Arbeitsrechtler sind sich sicher, dass nach dem Urteil erhebliche Änderungen auf Unternehmen zukommen werden. Insbesondere die in den vergangenen Jahren ausgebauten - teils von der Politik sogar geforderten - Möglichkeiten zum mobilen Arbeiten, werde sich nicht unverändert fortsetzen lassen.
Arbeitsminister Heil ist am Zug
Jetzt ist das Arbeitsministerium von Hubertus Heil (SPD) in der Pflicht. Das Arbeitszeitgesetz, das bisher schlagend war, gilt jetzt nicht mehr. Denn das BAG hat zur Begründung das Arbeitsschutzgesetz herangezogen. Begründung: Mitarbeiter sollen durch die Dokumentation ihrer Arbeitszeit vor "Fremd- und Selbstausbeutung geschützt" werden.
Die praktische Umsetzung des Urteils und die Ausgestaltung der konkreten Regeln bleibt abzuwarten. Aus dem Arbeitsministerium heißt es, dass bereits an einem "konkreten Gesetzentwurf gearbeitet" wird. Bisher hatte vor allem die FDP gebremst, mit dem Argument, dass "flexible Arbeitszeitmodelle weiter möglich sein" müssen. Unternehmen werden nun vor allem nach technischen Lösungen suchen müssen, die neuen Dokumentations-Anforderungen gesetzeskonform zu dokumentieren. Das Spektrum wird von Tabellenlisten bis Apps reichen.

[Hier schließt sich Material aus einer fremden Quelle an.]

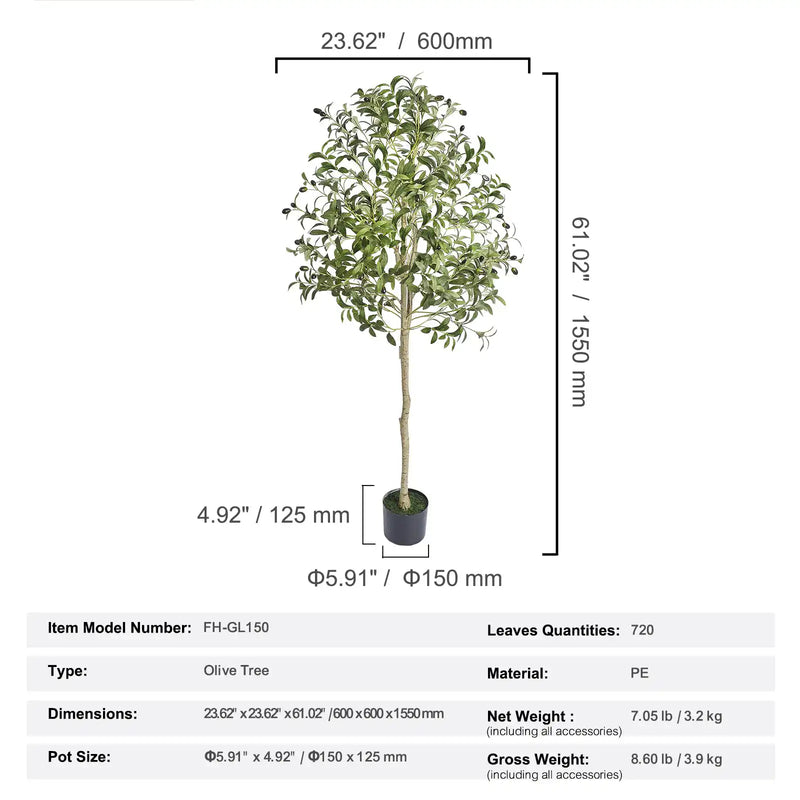 Artificial Olive Tree, 5 FT Tall Faux Plant, Secure PE Material & Anti-Tip Tilt Protection Low-Maintenance Plant, Lifelike Green Fake Potted Tree for Home Office Warehouse Decor Indoor Outdoor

Fazit: Klar ist, dass es künftig mehr Kontrolle über die Arbeitszeiten geben muss. Auch eine Ausdehnung auf alle Beschäftigten und flexible Arbeitszeitmodelle ist sicher. Unternehmen müssen nun den Gesetzentwurf und konkrete Pflichten abwarten. Im Kern wird es darum gehen, praktikable Dokumentationslösungen zu finden.